Here’s a lovely story from our friend Ajahn Brahm on Trust, as it makes a powerful point on trust.
A woman found out her husband had lied to her.
She asked: “Should I trust him any longer? Should I just divorce him?”
Brahm asked two questions back:
“How long have you been married? And what do you do for your work?”
She answered “3 years of marriage, and a teacher of maths.”
“So, three years of marriage is roughly 1000 days and you are probably told about 20 things a day. So he’s said 20,000 statements to you and he’s lied to you once. So in terms of probably, he only lies 1 in 20.000 times. That’s maths! There’s a 20,000 to 1 chance he’s telling the truth every time he speaks to you! What do you mean you can’t trust him - that’s great odds!”
There was no reason to take away her trust in him.
Yes, people do make mistakes once in a while. Everyone does. But perhaps we need to focus more on what people do right rather than what they do wrong.
When you give trust, the other person gets better at receiving that trust and being more trustworthy. Trust grows with trust.
Failure is Allowed: The Secret to Trust-building
People make mistakes. You do and I do. Nobody’s perfect. But if you base your trust on people being perfect, how can you or I trust anyone! We can’t.
So our practice needs to be to stop controlling others so much. Allowing them the space to make mistakes. And if they are allowed to make mistakes, then they don’t get overwhelmed by fear.
Fear is the heart of the issue. When people are scared to make mistakes, they are more likely to make those very mistakes. And trust quickly breaks down.
Let’s try the opposite. Allow your friend or partner to make mistakes. Allow your children to make mistakes and learn from them. Give trust and don’t punish mistakes too much. If you punish mistakes, you generate fear and all the problems that go along with fear.
Trust Yourself First
To build trust in others, learn to trust yourself. By remembering you’re an imperfect and beautiful human, just like everyone else, just like the trees and grass, the flowers and rivers, you begin to feel you are good enough just the way you are. You see things as they really are. Yes you make mistakes, but you do so many things right too!
The fact that you’re reading this blog is so wonderful - you’re nourishing your mind and heart with an uplifting and important topic. In this way, you do so many good things. Trust that things will turn out for the best. And even when they go wrong, they don’t really go wrong - no matter what happens, there’s something to learn from it. If Victor Frankl could take something positive from being in a concentration camp, so can you with your life and circumstance too (Check out his book, one of the best books of all time in my opinion, Man’s Search for Meaning).
So I urge you to start today, and with yourself. Trust is an inner journey.
Wisdom on Trust
I’d like to finish this article with some of the more popular quotes on trust, from some very wise people.
Let’s start with Shakespeare:
“Love all, trust a few, do wrong to none.”
― William Shakespeare
For Shakespeare, trust is a precious commodity and we need to be careful how much we give out.

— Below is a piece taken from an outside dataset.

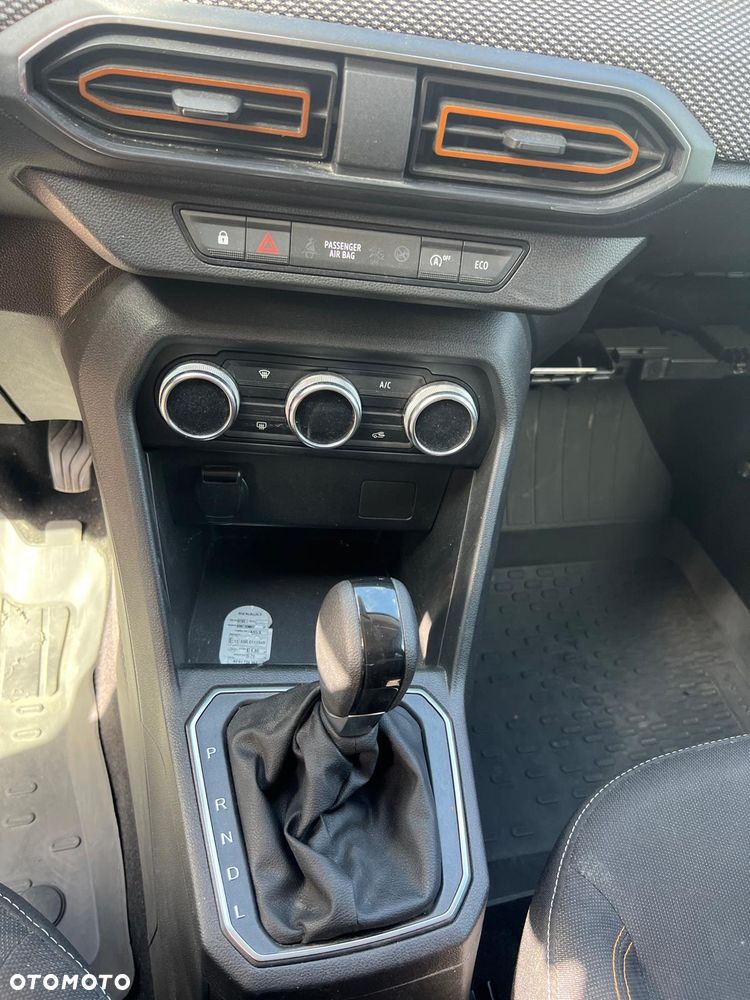 Dacia Sandero TCe 90 CVT Expression - 7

Hemingway had an interesting thought about trust:
“The best way to find out if you can trust somebody is to trust them.”
― Ernest Hemingway
I think he’s right. If you don’t trust, you continue to question, question, question. But perhaps open your heart slowly and see what happens. I’m a fan of kaizen - step by step let your trust in others and yourself grow.
And let’s finish with Maya Angelou
“Have enough courage to trust love one more time and always one more time.”
― Maya Angelou
That’s perhaps the hardest of them all. Give yourself time to heal, fill your heart with love and compassion and then when you’re ready to do so, trust love one more time.
Having written this article, I feel much more open to trust my friend and forgive the one big mistake she made compared to the thousands of big things she did right too. If someone has broken your trust, I hope this inspires you in the same way. Let’s trust more and fear less.